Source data
· · · · ·

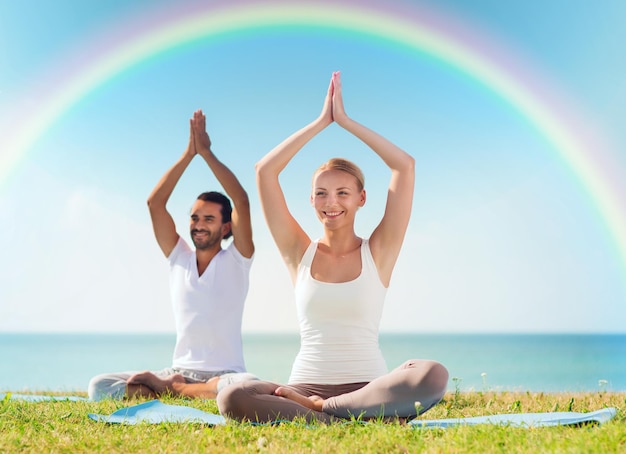 concetto di sport, fitness, yoga e persone - coppia sorridente che medita e si siede su stuoie con le mani alzate sul mare e arcobaleno sullo sfondo del cielo blu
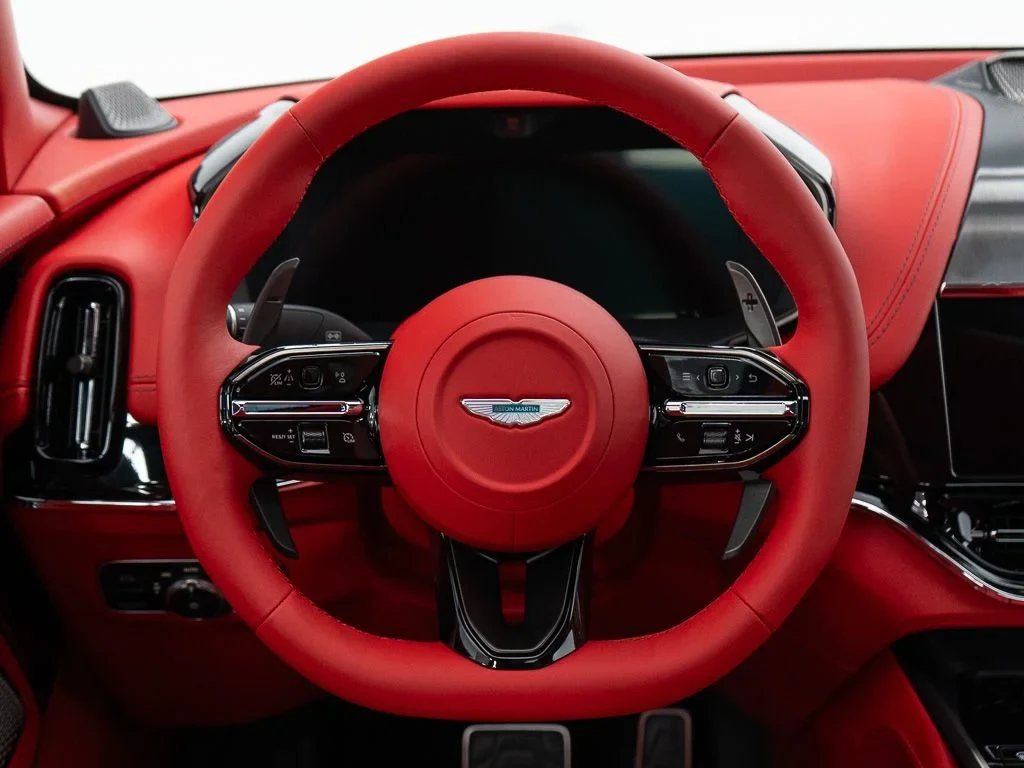 2026 Aston Martin DBX S interior, Spicy Red w/Stitching in Obsidian Black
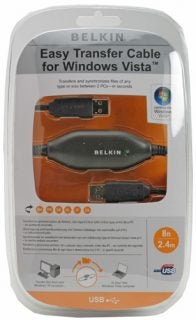Belkin Easy Transfer Cable for Windows Vista packaging showing the product secured in a clear plastic casing with an orange and black design. The packaging highlights the cable's 8 ft length and USB compatibility features, with descriptive text indicating its use for transferring and synchronizing files of any type or size between two PCs.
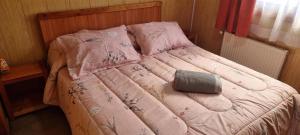 Una cama con un edredón rosa y una almohada. en Hostal Prat II en Valdivia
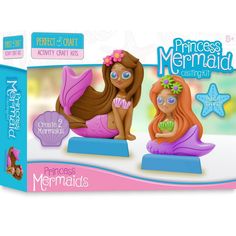 the princess mermaid craft kit includes two little mermaids, one sitting on a starfish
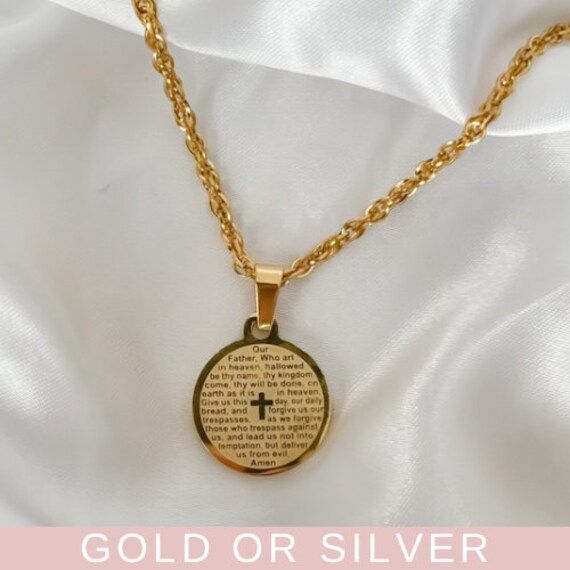 "Hold our Prayer Necklace close when you need that boost of faith and love. This beautiful piece features the Lord's Prayer to bring you comfort and provide protection.  ♡︎ 𝘼 𝙥𝙤𝙧𝙩𝙞𝙤𝙣 𝙤𝙛 𝙥𝙧𝙤𝙛𝙞𝙩𝙨 𝙛𝙧𝙤𝙢 𝙚𝙫𝙚𝙧𝙮 𝙤𝙧𝙙𝙚𝙧 𝙞𝙨 𝙙𝙤𝙣𝙖𝙩𝙚𝙙 𝙩𝙤 𝙒𝙤𝙢𝙚𝙣 𝙞𝙣 𝙣𝙚𝙚𝙙 ♡︎ ꕥ 𝗢𝗨𝗥 𝗝𝗘𝗪𝗘𝗟𝗥𝗬 𝗜𝗦 ꕥ * High Quality * Handmade * Waterproof  * 100% Lead & Nickel Free  * Won't tarnish or discolour * Hypoallergenic * Recyclable ꕥ 𝗠𝗔𝗧𝗘𝗥𝗜𝗔𝗟𝗦 ꕥ * 18K Gold Plated PVD Stainless Steel | Stainless Steel * 2.5mm Rope Chain * 3cm Pendant * Necklace includes 2\" extender ꕥ 𝗣𝗔𝗖𝗞𝗔𝗚𝗜𝗡𝗚 ꕥ * Every piece comes in their own little bag with a jewelry card. * 100% Recyclable Packaging ♺ ꕥ 𝗢𝗥𝗗𝗘𝗥 𝗧𝗜𝗠𝗘𝗦 ꕥ * Orders are shipped out within 1 Business Day ꕥ 𝗦𝗛𝗜𝗣𝗣 Christmas Gift Daughter, Lords Prayer, Faith Necklace, Lord's Prayer, The Lords Prayer, Recyclable Packaging, Jewelry Christmas, Jewelry Card, Christmas Gift Jewelry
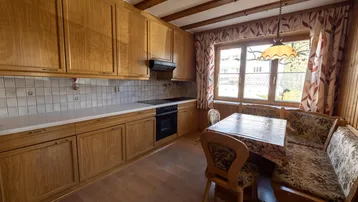 Traditionelle Wohnküche mit Holzschränken, Essbereich und Blick nach draußen durch das Fenster.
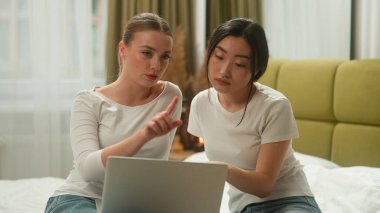 İki mutlu çok ırklı arkadaş çok ırklı kadın çeşitliliği kadın Kafkas Asyalı Japon Çinli yatak odası alışverişi internetten mobilya satın alın dizüstü bilgisayarlı e-ticaret tartışması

· · · · ·

Exactly as written, repeat the lines from the beginning of the entries up to and including the line with "Belkin Easy Transfer", but not the pictures.

ANSWER SECTION
 concetto di sport, fitness, yoga e persone - coppia sorridente che medita e si siede su stuoie con le mani alzate sul mare e arcobaleno sullo sfondo del cielo blu
 2026 Aston Martin DBX S interior, Spicy Red w/Stitching in Obsidian Black
Belkin Easy Transfer Cable for Windows Vista packaging showing the product secured in a clear plastic casing with an orange and black design. The packaging highlights the cable's 8 ft length and USB compatibility features, with descriptive text indicating its use for transferring and synchronizing files of any type or size between two PCs.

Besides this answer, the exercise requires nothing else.